Special Report-US recovery and the jobs outlook
Wednesday, April 14th, 2010Investors are becoming more focused on whether the Fed will change its policy guidance and drop its “extended period” language as the US recovery improves. A change in the “extended period” language would set the stage for the eventual tightening of monetary policy by the Fed. The US reported better than expected retail sales growth in March with business inventories at the highest level since July and inflation subdued. Today’s jump in US retail sales and the restocking inventories may increase speculation about a change in the Fed’s policy guidance. An influential think tank (Medley) suggests that the Fed may soon change its policy guidance. In his prepared statement before Congress today Chairman Bernanke was cautiously optimistic about the US recovery but he made no reference to “extended period” language. The lack of reference to the “extended period” language dampened speculation that the Fed will change its policy guidance anytime soon and USD traded lower. Bernanke went onto say that he sees some encouraging signs in the labor market as layoffs are slowing, but he remains concerned that 44% of those out of work have been of work for more than six months. Bernanke says that it will take a significant amount of time to restore the 8.5mln jobs lost during the recession.

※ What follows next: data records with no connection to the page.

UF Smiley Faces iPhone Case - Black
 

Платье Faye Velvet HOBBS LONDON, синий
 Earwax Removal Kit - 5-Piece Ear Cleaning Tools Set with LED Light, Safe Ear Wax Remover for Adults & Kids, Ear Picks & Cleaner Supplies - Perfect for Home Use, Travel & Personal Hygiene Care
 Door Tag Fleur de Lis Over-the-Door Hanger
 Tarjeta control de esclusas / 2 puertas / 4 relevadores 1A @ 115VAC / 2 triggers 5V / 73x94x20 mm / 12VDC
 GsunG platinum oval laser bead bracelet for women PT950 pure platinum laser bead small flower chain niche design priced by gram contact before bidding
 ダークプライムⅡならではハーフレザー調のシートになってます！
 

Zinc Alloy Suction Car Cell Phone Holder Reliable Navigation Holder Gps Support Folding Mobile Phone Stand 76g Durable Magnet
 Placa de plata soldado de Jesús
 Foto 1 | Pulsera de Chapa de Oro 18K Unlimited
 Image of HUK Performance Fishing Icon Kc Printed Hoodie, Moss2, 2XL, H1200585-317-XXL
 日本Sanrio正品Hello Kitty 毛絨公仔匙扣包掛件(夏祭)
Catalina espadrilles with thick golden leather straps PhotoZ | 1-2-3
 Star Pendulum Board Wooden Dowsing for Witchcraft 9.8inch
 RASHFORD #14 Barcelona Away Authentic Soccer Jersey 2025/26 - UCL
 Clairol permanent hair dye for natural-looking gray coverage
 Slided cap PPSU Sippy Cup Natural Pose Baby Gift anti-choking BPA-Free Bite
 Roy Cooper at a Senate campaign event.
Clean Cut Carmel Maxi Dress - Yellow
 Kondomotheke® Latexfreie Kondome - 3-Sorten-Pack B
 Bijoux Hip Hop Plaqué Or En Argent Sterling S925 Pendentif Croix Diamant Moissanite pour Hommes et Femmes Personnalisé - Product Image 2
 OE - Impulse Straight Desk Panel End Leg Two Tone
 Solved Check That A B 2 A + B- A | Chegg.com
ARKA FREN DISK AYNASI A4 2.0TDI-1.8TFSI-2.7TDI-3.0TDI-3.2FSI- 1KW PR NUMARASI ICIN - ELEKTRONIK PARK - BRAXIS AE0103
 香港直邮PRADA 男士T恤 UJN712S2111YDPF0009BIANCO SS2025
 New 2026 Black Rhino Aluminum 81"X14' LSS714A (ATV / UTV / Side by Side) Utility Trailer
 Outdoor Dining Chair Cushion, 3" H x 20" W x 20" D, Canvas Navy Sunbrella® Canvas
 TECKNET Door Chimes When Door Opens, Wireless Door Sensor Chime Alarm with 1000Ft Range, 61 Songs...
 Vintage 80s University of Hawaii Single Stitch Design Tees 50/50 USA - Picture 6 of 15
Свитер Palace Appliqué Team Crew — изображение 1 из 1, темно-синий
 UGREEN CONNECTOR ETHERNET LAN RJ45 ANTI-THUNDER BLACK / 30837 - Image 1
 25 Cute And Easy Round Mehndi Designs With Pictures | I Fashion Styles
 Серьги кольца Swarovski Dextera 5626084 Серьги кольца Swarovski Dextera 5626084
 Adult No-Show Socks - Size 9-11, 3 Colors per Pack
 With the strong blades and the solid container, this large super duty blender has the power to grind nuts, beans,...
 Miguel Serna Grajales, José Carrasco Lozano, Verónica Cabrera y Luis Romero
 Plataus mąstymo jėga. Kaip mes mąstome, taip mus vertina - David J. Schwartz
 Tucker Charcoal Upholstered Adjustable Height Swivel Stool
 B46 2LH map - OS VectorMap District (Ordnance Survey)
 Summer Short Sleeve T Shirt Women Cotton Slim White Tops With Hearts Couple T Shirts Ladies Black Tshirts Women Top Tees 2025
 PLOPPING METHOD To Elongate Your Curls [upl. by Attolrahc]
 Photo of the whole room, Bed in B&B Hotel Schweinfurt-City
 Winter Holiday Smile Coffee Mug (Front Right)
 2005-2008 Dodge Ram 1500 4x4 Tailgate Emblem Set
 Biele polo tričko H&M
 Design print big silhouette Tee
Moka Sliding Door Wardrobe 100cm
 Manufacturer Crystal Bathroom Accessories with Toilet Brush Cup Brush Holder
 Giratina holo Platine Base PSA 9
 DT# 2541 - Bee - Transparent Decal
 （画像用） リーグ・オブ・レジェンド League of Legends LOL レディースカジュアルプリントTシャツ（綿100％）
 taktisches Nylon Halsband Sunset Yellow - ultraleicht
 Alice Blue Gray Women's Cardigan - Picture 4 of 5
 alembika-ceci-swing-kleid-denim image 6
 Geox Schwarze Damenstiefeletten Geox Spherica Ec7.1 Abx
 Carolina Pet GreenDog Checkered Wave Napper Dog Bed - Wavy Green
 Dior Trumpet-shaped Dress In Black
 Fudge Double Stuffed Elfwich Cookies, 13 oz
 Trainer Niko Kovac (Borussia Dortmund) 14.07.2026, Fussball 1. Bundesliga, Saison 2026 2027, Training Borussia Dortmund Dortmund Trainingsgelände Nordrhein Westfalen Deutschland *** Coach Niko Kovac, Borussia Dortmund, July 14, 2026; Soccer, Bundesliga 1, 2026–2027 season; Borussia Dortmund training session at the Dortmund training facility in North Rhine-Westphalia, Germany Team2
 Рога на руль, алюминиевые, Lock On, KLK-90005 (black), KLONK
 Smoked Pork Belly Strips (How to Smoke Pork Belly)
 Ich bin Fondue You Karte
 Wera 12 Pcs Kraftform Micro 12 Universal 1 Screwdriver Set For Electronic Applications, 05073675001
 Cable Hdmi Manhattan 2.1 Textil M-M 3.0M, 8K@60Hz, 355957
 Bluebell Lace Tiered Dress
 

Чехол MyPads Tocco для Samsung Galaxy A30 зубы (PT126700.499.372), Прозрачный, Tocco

Fed officials have indicated that Fed policy will be data-driven and the most important data set is employment. Until the Fed sees a sustainable uptrend in employment growth the Fed is unlikely to hike interest rates. Subdued inflation will allow the Fed to maintain low yields for a longer time as inflation expectations remain well anchored. Focus turns to Thursday’s release of US jobless claims. Jobless claims need to fall below 400k to confirm that the US economy is creating enough jobs to reduce the headline unemployment rate. Jobless claims for the week ending 04/10 are expected to fall to 440k from 460k last week. The jobless claims report will likely confirm that layoffs are slowing but it remains unclear if the US recovery will be strong enough to create enough jobs to significantly reduce US unemployment.
Robert Reich penned a piece in Tuesday’s Wall Street Journal titled “The Jobs Picture Still Looks Bleak”. According to Reich it is hard to see how the US will experience a vigorous economic recovery with unemployment elevated and the housing market still on shaky ground. The White House and a number of economists cheered last month’s unemployment report which showed that the US added 162k jobs. Reich notes that a third of the jobs created in March were temporary and that when you subtract the temporary jobs just 122k jobs were created. This according to Reich is less than the 150k new jobs needed just to keep up with population growth. During the recession that started in December 2007 8.5mln jobs were lost. According Reich because of the length of the recession the US economy failed to create another 2.7mln jobs that were needed to match population growth. This means the US has lost close to 11mln jobs since December 2007. Reich says that even if 300k new jobs are created every month it would take five years to catch up to where the labor market was when the recession began. In addition Reich notes that consumer spending is unlikely to return to pre-recession levels because many families rely on two incomes and during the recession a number of families have been faced with the loss of one wage earner. The loss of one wage earner, the decreased value of home prices and lower wages will limit the recovery in consumer spending and points to a weak recovery. According to the Commerce Department’s Bureau of Economic Analysis personal income for Americans excluding government payouts has fallen by 3.2% since Obama took office in January 2009. Reich also expressed concern that a number of US jobs that have been lost are unlikely to ever return.
According to an AP survey US unemployment is likely stay high for the next two years dropping to 9.3% at the end of 2010 and to 8.4% at the end of 2011. Mark Zandi Chief economist at Moody’s Economy.com says unemployment could rise above 10.2% as people who have given up looking for work have not been counted in latest unemployment data and will be counted when encouraged by the recovery look for work again. Thursday’s jobless claims report is expected to confirm that initial claims continue to fall and the trend for improvement in the US labor market continues, but as Reich says the economic recovery may not be strong enough to create the number of jobs needed to bring the US unemployment rate back toward pre-recession levels. Jobs growth is expected at 220k in April, 250k in May and 150k in June. The White House Council of Economic Advisors says the stimulus package created or saved between 2.2mln and 2.8mln jobs trough Q1 2010 and the US is on track to create or save 3.5mln jobs by the end of the year. Thursday’s initial jobless report is unlikely to alter the outlook for steady Fed policy or intensify speculation that the Fed will soon drop its “extended period” language. This means that the trend in US equity and commodity markets will likely continue and USD may experience light selling pressure as the Fed remains on hold.